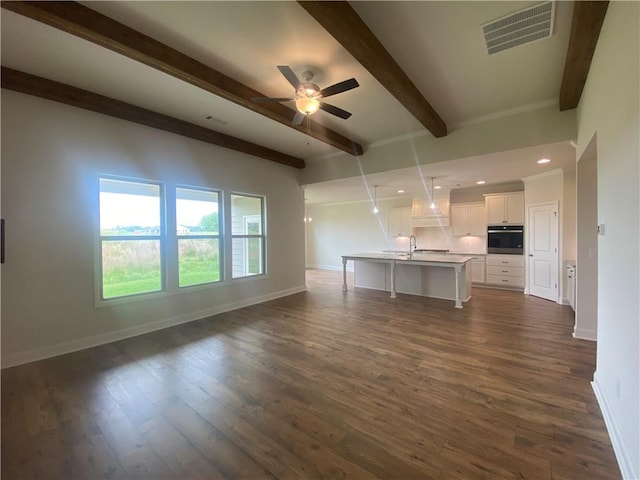 216 Montview Dr, Jefferson, GA 30549 - unfurnished living room featuring beamed ceiling, baseboards, ceiling fan, dark wood-style floors, and a sink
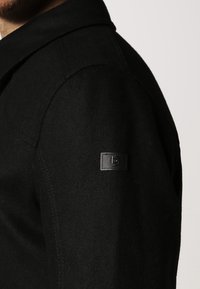 Cappotto di lana nera con un colletto strutturato, caratterizzato da un tessuto testurizzato e una toppa rettangolare con il marchio sulla manica sinistra.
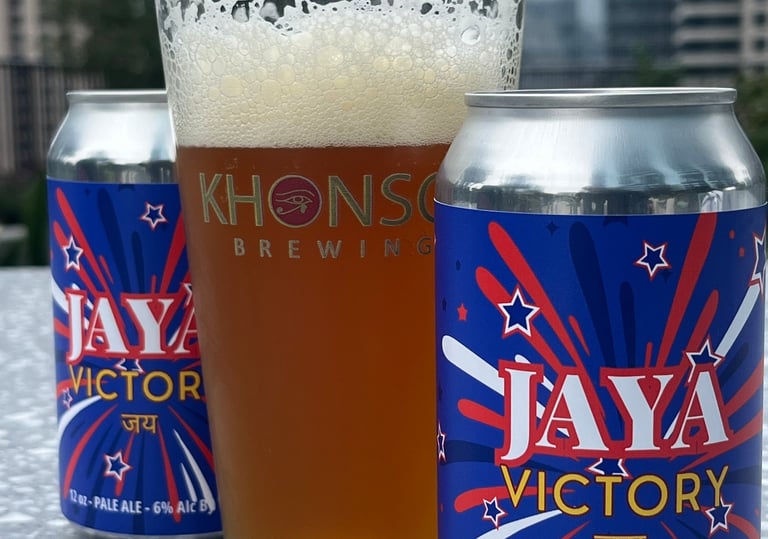 A glass of foamy Khonso Brewing pale ale next to Jaya Victory beer cans on a rooftop.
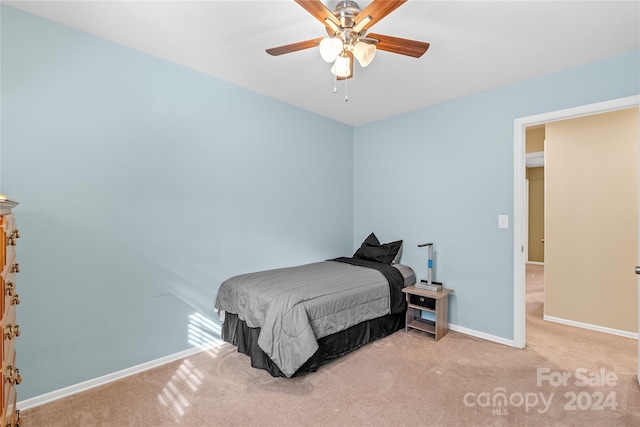 bedroom with ceiling fan and light colored carpet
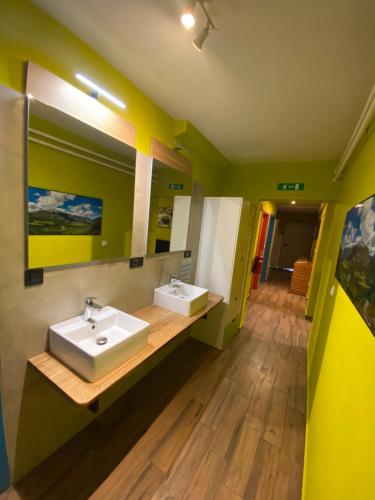 a bathroom with two sinks and a mirror at Hostel Soča Rocks in Bovec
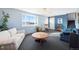 Cozy living room featuring a large window, neutral walls, and comfortable seating, creating a welcoming space at 12990 Mesa View Rd, Larkspur, CO 80118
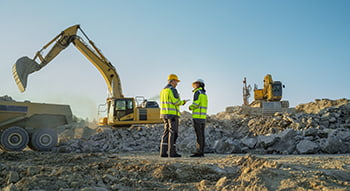 construction works stand on a worksite with equipment in the background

Required work:
Write out the entries word for word. Skip the pictures.

Reply to the task:
 216 Montview Dr, Jefferson, GA 30549 - unfurnished living room featuring beamed ceiling, baseboards, ceiling fan, dark wood-style floors, and a sink
 Cappotto di lana nera con un colletto strutturato, caratterizzato da un tessuto testurizzato e una toppa rettangolare con il marchio sulla manica sinistra.
 A glass of foamy Khonso Brewing pale ale next to Jaya Victory beer cans on a rooftop.
 bedroom with ceiling fan and light colored carpet
 a bathroom with two sinks and a mirror at Hostel Soča Rocks in Bovec
 Cozy living room featuring a large window, neutral walls, and comfortable seating, creating a welcoming space at 12990 Mesa View Rd, Larkspur, CO 80118
 construction works stand on a worksite with equipment in the background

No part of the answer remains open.